1.5.6. is an exercise called 'ordering between theories'. 
It reads as follows:
" (i) Let $\textbf{G}$ be the set of all primitive recursive extensions of $\textbf{EA}$ containing $\textbf{PRA}$; define the following relation of $\textbf{G}$:
$$ \textbf{T} < \textbf{U}  $$
if and only if  $$
\textbf{U} \vdash (Con(\textbf{T})) $$
and show that < is irreflexive and transitive: < is a strict order.
(ii) Is it possible to have $\textbf{T}, \textbf{U} \in \textbf{G},\textbf{T} \vdash (Con(\textbf{U})) ,\textbf{U} \vdash (Con(\textbf{T})) $?
(iii) If $ \textbf{T} < \textbf{U}  $ and $\textbf{T} \vdash A$, with $A$ a closed $\Pi^0_1$ -formula, show that $\textbf{U} \vdash A$."
I think (ii) is quite obviously impossible, since then by transitivity we would have a theory proving its own consistency, which is impossible by the second incompleteness theorem.
But I don't know how to deal with the transitivity from (i) or how to deal with (iii). 
Thanks,
Ettore
 A: $\textbf{(Sketch of a) proof of transitivity (i):}$
We may suppose that $W$ is consistent, for if it is inconsistent it proves anything. 

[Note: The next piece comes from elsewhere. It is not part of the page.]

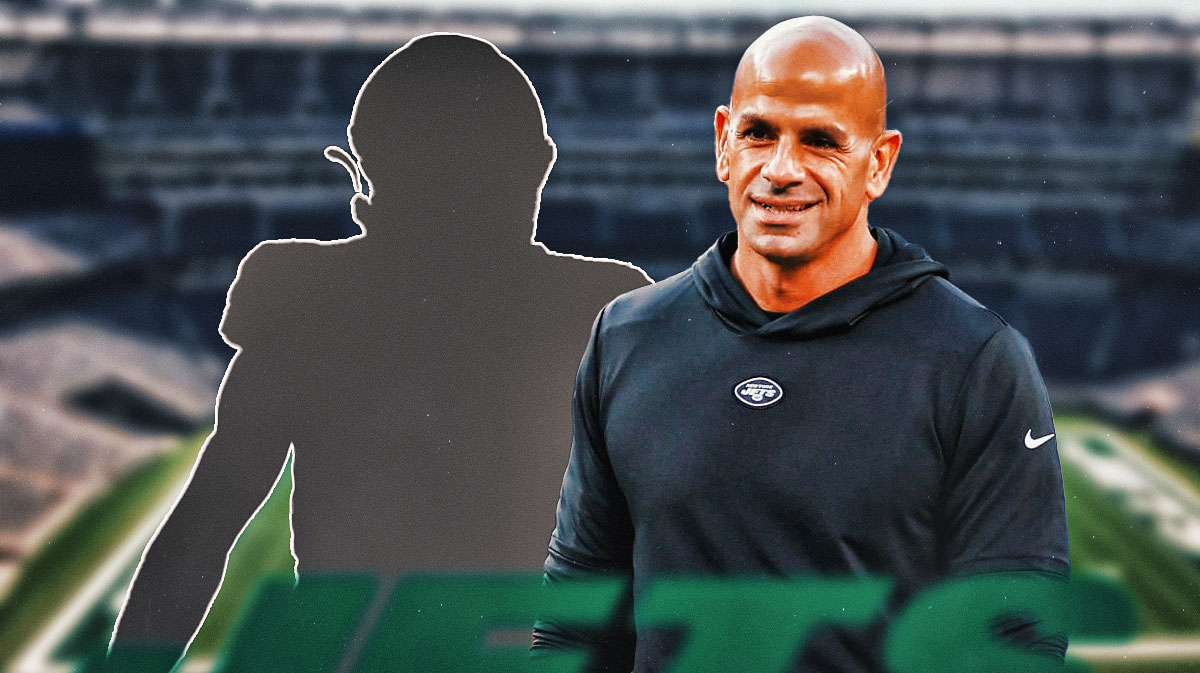 Silhouette of Kene Nwangwu next to a smiling Jets coach Robert Saleh.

Assume $W \vdash Thm_U(0=1)$ - we're after a contradiction $in$ $W$. 
We have $W \vdash Thm_U(0=1) \rightarrow Thm_T(Thm_U(0=1))$.

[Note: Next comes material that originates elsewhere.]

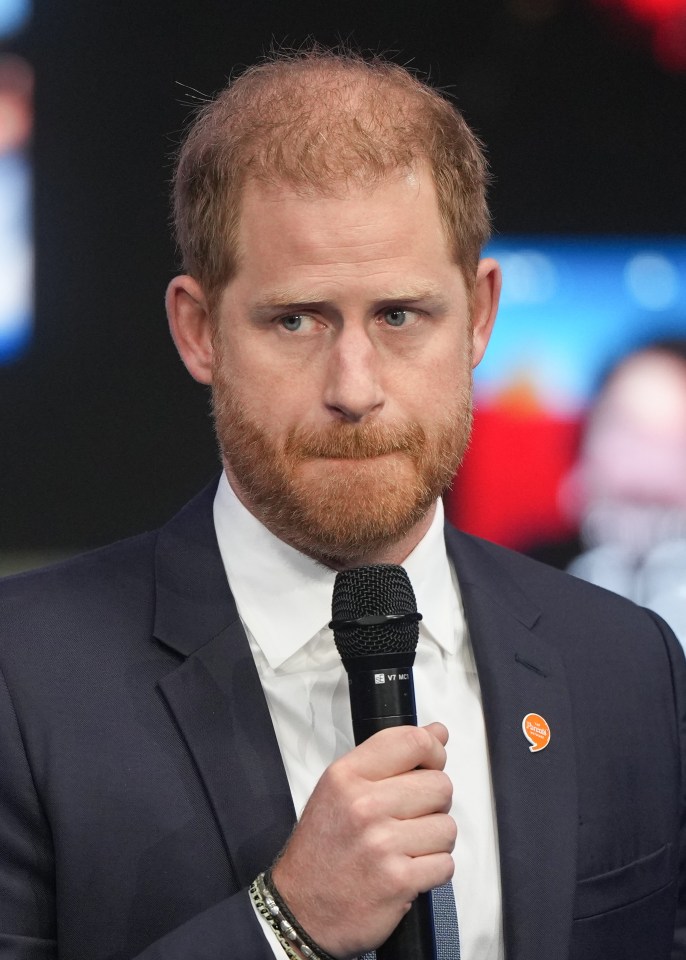 a man in a suit holds a microphone with a pin that says ' harry ' on it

This is an instance of theorem 1.4.7., that is the formalization of 1.3.4. (iii).
Hence $W \vdash Thm_T(Thm_U(0=1))$.
Since $T \vdash \neg Thm_U(0=1)$, also $W \vdash \neg Thm_U(0=1)$.
It think this is because if the statement is provable in some theory extending EA, it is provalbe in $any$ theory extending EA, but I am not sure.
So: $W \vdash Thm_T(\neg Thm_U(0=1))$.
It think that should be possible for any theory T, as long as T is prim.rec.
Now, I guess it is not difficult to see that, although not sure about the precise way how to do it, from $W \vdash Thm_T(\neg Thm_U(0=1))$ and $W \vdash Thm_T(Thm_U(0=1))$, it follows that $W \vdash Thm_T (0=1)$.
But we already know from the beginning that $W \vdash \neg Thm_T (0=1)$.
So we get a contradiction in $W$ by assumption of $W \vdash Thm_U(0=1)$, thus we get $W \vdash \neg Thm_U(0=1)$.
It seems to me that a lack of my understanding comes from not really knowing what the provability predicate is able to do. It seems to me that my textbook didn't clarify these things very explicitly, or at least I didn't notice. Specifically the predicate was never used for different theories at the same time (in this intricated way).
$\textbf{Now an offer for a proof of (iii):}$
We head for a contradiction within $U$.
Suppose $U \vdash \neg A$.
$\neg A$ is a $\Sigma^0_1$ -sentence, since $A$ is a $\Pi^0_1$ -sentence.
Hence by theorem 1.4.7. (1.3.4. (iii) within PRA) $U \vdash \neg A \rightarrow Thm_T(\neg A)$, as $U$ contains PRA and $T$ extends EA, and thus $U \vdash Thm_T(\neg A)$.
But since $T \vdash A$, also $U \vdash Thm_T(A)$ by theorem 1.3.4., as long as $T$ is any prim. rec. theory and $U$ extends EA, since $Thm_T(A)$ is a true $\Sigma$ -sentence.
So by $U \vdash Thm_T(\neg A)$ and $U \vdash Thm_T(A)$ also $U \vdash Thm_T(\neg A \land A)$, that is $U \vdash Thm_T(0=1)$.
But we have as a premise that $U \vdash  \neg Thm_T(0=1)$.
So we derived a contradiction in U from $U \vdash \neg A$.
So $U \vdash A$.